Risk-Adjusted Performance

0 of 100

 
Weak
 
Strong
Weak
Over the last 90 days Local Bounti Corp has generated negative risk-adjusted returns adding no value to investors with long positions. Despite quite weak fundamental indicators, Local Bounti may actually be approaching a critical reversion point that can send shares even higher in January 2025.
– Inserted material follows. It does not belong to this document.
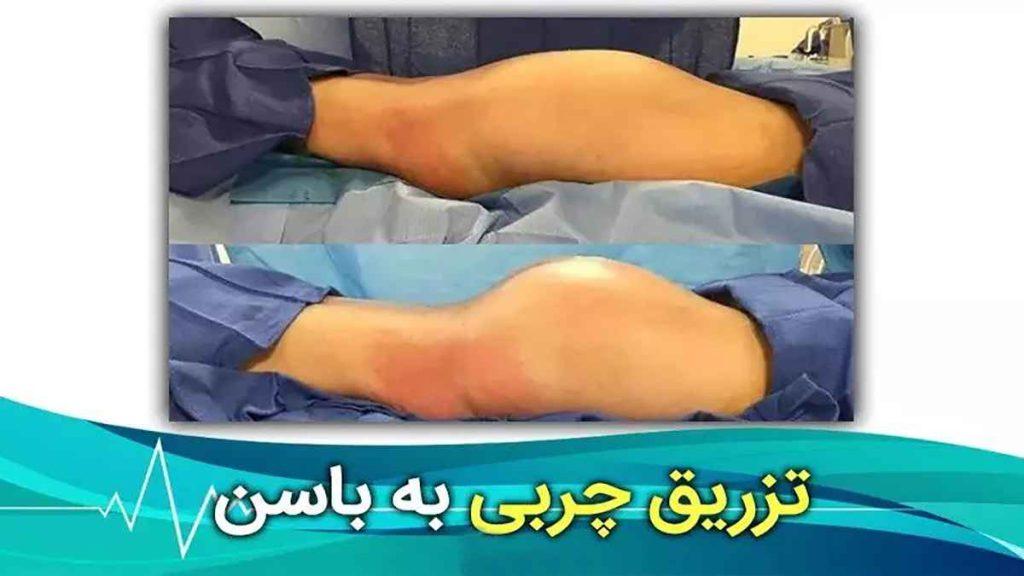 تزریق چربی به باسن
Clean Seas and Local Bounti Volatility Contrast

   Predicted Return Density   
       Returns  

Pair Trading with Clean Seas and Local Bounti

The main advantage of trading using opposite Clean Seas and Local Bounti positions is that it hedges away some unsystematic risk. Because of two separate transactions, even if Clean Seas position performs unexpectedly, Local Bounti can make up some of the losses. Pair trading also minimizes risk from directional movements in the market. For example, if an entire industry or sector drops because of unexpected headlines, the short position in Local Bounti will offset losses from the drop in Local Bounti's long position.
The idea behind Clean Seas Seafood and Local Bounti Corp pairs trading is to make the combined position market-neutral, meaning the overall market's direction will not affect its win or loss (or potential downside or upside). This can be achieved by designing a pairs trade with two highly correlated stocks or equities that operate in a similar space or sector, making it possible to obtain profits through simple and relatively low-risk investment.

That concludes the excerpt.